Does anybody think the split is ok?


----------



## JusNoGood (Apr 4, 2011)

If I were you I'd lose weight first then do a clean bulk. At 24% you got a lots to lose tubs :0

I'd suggests looking in the lose weight section and the stickies


----------



## BOBG (Apr 4, 2012)

Thanks thats what I thought! I feel like I got a spare tyre so maybe that will be the route to go.
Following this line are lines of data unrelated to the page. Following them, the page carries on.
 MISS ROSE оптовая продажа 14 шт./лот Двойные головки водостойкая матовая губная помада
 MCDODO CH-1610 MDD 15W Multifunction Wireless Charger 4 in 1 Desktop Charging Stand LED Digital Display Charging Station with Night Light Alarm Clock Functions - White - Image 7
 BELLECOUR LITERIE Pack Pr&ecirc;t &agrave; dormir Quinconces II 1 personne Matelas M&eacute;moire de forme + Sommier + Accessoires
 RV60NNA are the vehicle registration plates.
Thanks!


----------



## doylejlw (Feb 14, 2010)

http://testosteronemuscle.co.uk/blog/staying-lean-while-eating-freely/

Have read this mate.


----------



## Ash1981 (Jun 16, 2009)

doylejlw said:


> http://testosteronemuscle.co.uk/blog/staying-lean-while-eating-freely/
> 
> Have read this mate.


Fck me putting links up of the rivals board...naughty!!!!


----------



## ws0158 (Jun 23, 2010)

it depends on your work times and times availible to train

fasted cardio every morning for 30 mins then i high carb meal, then the rest of the day low carb meals, then train in the evening, then high carb(low GI) meal post workout before bed

if youve recently started training again you will lose fat and build new muscle quite quickly for a few months, its all about the diet really


----------



## Ash1981 (Jun 16, 2009)

I think if you build muscle your bf goes down, more muscle burns more fat and in numbers if you weigh 180lb with 15% bf and get upto 200lbs still with 15% bf then you have gained muscle and dropped bf %%%(% being the key here)
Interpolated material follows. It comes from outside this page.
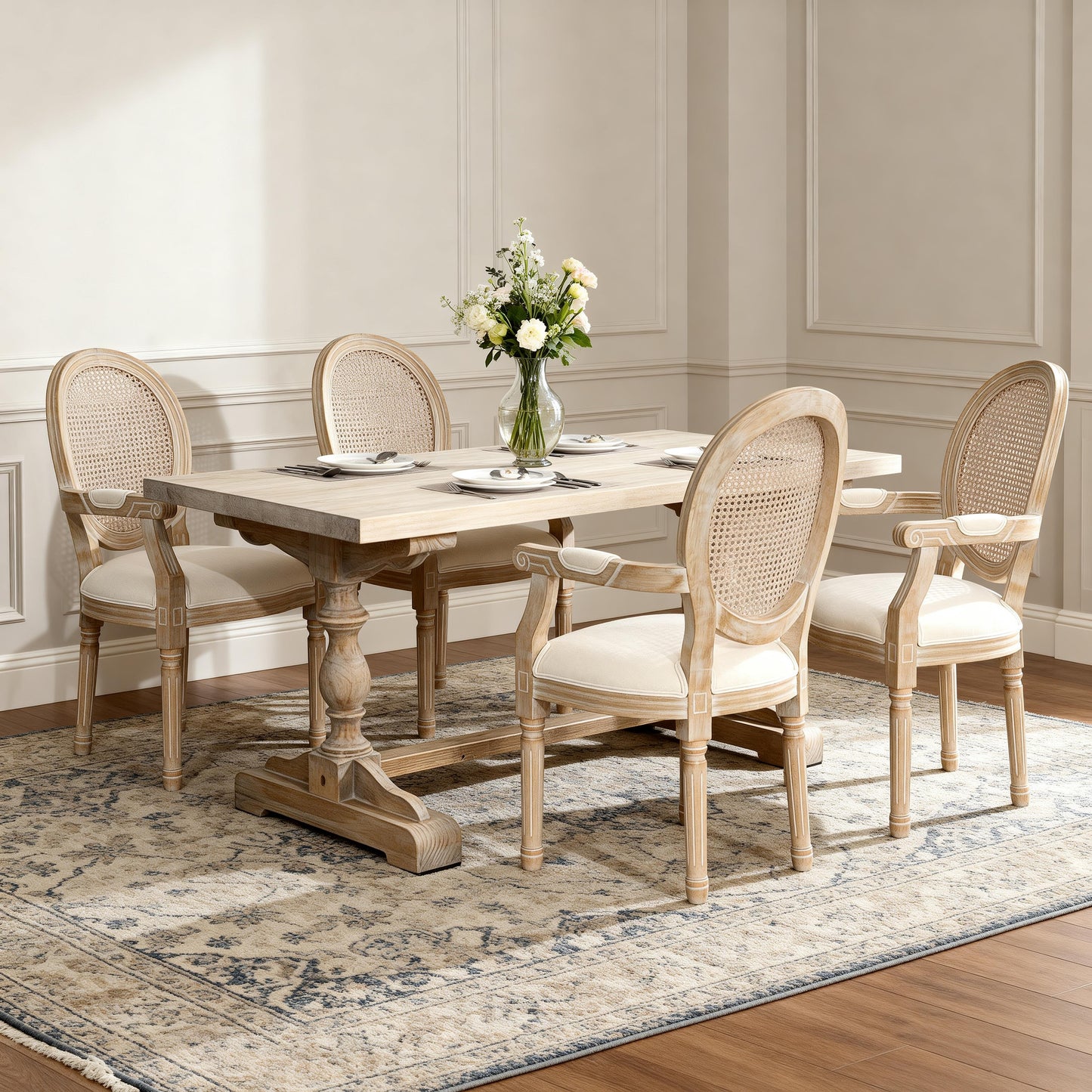 French Country Dining Armchair Set of 2 - Beige Upholstered Chairs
But imo if you are trying to burn fat off then you cant put muscle on( to say get down to 10%)


----------



## doylejlw (Feb 14, 2010)

ash1981 said:


> Fck me putting links up of the rivals board...naughty!!!!


 :whistling: did I ooopppsss.


----------



## Ash1981 (Jun 16, 2009)

doylejlw said:


> :whistling: did I ooopppsss.


Ha you little tinker you


----------



## Fat (Jan 2, 2010)

Ask badly_dubbed how..


----------